This is a cool piece from Popular Mechanics by Joe Pappalardo
An F-35A fighter plane cuts across the sky, dead-set on destroying an enemy bunker protected by a network of radar and antiaircraft missile batteries. A flock of wingmen tag along to help the pilot defeat these defenses. But none of those companion planes have a person inside. They are semi-autonomous drones the pilot must trust with his life.
This scenario can be seen in a recently released “Call to Action” video made by the Air Force Research Lab. Nominally a look at what the U.S. Air Force will be like in 2030, the clip is also a plea by Secretary of the U.S. Air Force Heather Wilson, who last year launched an initiative to upgrade the Air Force’s science and technology strategy.

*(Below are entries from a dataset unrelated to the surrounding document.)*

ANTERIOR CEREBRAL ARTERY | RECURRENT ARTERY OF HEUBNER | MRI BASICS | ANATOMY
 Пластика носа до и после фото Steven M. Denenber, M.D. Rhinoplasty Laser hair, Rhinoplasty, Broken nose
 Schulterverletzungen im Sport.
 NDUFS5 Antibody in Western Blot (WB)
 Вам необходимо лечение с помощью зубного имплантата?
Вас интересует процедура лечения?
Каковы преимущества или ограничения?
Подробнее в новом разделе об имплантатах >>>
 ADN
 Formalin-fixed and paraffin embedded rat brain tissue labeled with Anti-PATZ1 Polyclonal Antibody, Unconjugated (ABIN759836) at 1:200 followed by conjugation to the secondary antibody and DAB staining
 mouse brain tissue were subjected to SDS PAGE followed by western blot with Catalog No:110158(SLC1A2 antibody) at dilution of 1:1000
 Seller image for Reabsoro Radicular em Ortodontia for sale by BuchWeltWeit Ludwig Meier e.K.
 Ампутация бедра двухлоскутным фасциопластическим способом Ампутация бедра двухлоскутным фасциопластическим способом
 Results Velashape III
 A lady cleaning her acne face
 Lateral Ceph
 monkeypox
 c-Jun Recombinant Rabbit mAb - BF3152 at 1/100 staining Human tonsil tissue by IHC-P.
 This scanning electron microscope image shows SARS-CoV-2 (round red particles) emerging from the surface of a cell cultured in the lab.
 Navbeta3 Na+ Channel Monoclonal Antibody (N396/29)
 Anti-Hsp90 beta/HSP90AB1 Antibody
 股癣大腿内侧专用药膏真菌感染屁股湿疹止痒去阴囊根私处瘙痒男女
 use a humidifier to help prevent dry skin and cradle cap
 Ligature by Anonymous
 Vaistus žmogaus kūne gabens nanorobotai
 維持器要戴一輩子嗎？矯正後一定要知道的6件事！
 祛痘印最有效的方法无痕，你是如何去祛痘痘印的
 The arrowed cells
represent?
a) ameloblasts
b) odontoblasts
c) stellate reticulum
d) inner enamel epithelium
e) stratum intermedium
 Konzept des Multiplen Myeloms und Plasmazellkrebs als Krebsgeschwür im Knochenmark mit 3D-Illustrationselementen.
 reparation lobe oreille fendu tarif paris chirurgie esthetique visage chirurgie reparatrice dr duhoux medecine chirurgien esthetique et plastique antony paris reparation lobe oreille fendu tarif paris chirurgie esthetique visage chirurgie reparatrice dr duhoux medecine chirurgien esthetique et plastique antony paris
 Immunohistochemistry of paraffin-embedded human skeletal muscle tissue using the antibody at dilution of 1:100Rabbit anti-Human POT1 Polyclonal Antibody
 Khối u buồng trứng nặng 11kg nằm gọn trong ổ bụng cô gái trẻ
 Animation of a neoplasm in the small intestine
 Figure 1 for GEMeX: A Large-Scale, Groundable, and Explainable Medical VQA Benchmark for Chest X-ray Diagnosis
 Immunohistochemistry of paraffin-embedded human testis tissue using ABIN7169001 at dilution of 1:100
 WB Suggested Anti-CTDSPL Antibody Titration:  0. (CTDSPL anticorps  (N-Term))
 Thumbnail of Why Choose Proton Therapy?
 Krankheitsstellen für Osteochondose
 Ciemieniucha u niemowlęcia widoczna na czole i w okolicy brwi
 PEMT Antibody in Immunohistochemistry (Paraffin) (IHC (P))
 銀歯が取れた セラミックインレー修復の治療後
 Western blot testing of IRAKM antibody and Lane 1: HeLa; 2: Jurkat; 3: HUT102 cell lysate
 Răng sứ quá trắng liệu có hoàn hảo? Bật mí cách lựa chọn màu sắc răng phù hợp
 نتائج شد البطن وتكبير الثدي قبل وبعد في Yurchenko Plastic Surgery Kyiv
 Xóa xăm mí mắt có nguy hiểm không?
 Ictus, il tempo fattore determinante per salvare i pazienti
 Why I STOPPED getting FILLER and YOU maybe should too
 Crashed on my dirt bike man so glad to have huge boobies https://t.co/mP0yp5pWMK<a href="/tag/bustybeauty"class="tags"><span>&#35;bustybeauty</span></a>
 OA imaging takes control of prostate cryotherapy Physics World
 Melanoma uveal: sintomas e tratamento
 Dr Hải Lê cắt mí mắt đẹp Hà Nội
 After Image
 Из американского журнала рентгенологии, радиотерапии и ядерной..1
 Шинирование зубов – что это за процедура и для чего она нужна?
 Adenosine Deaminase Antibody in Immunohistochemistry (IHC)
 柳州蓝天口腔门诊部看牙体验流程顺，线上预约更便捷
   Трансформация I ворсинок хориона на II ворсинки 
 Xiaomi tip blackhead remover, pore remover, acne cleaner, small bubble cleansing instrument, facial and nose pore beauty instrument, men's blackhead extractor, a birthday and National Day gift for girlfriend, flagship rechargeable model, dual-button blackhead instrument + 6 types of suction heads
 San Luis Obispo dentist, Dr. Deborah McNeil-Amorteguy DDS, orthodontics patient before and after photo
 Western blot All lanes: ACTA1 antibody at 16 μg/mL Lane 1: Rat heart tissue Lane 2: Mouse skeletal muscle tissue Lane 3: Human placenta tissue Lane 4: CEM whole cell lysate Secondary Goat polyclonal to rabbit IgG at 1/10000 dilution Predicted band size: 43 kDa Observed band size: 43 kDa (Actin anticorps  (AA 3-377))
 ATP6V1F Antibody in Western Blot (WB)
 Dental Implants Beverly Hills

The idea of a piloted plane acting as mothership to a flock of unmanned aerial vehicles is not new. In 2010, we ran a cover story about the unmanned aircraft supporters inside the Pentagon. The hypothetical combat scenario in that article is reminiscent of the scene played out in the Air Force video, in which drones take on dangerous mission in the suppression of enemy air defenses, or (SEAD). Here’s how a robot-enhanced mission could unfold.
THIS IS THE FIRST TIME IN THE MISSION THAT THE DRONE HAS COMMUNICATED WITH ANY HUMAN.
The lead UAV puts itself in harm’s way as it flies into radar range of antiaircraft missile batteries. An icon on the F-35 pilot’s virtual head-up display, projected onto the faceplate of his helmet, alerts him that the lead drone has automatically identified the emissions of an enemy radar site. This is the first time in the mission that the SEAD airplane has communicated with any human.
Miles from the danger, the F-35A pilot coolly assesses the situation, confirms the target is legitimate, and authorizes the lead UAV to open fire. The drone’s AGM-88 high-speed anti-radiation missile follows the radar waves back to their source, obliterating the dish and its crew. There is now a gap in the enemy radar screen, and the pilot directs the UAV to return to base.
Meanwhile, another UAV is flying east of the target, navigating via a mix of GPS and accelerometer data. This aircraft is busy scrambling other enemy radar installations by flooding the skies with emissions that share the radar’s frequency. The jamming pods under the UAV’s wings also disrupt radio transmissions from the air-defense network, covering up the sudden loss of contact with the radar sites protecting the bunker. Otherwise, an enemy commander could discover the location of the actual raid. After a preset amount of time spreading confusion, the UAV returns to base.
The F-35A pilot is closing in on the target, fast. He needs to aim the F-35’s electro-optical targeting system to release a bomb that will hit the structure at a precise angle calculated to collapse it without destroying nearby civilian buildings. He triggers the laser designator and authorizes the nearby unmanned airplane to drop a pair of bombs, which use fins to steer toward the laser-targeted sweet spot.
The pilot watches the twin, concurrent explosions, makes a quick battle-damage assessment and, satisfied, banks the airplane and heads back to base. His robotic wingman follows his lead, flying evenly at his side.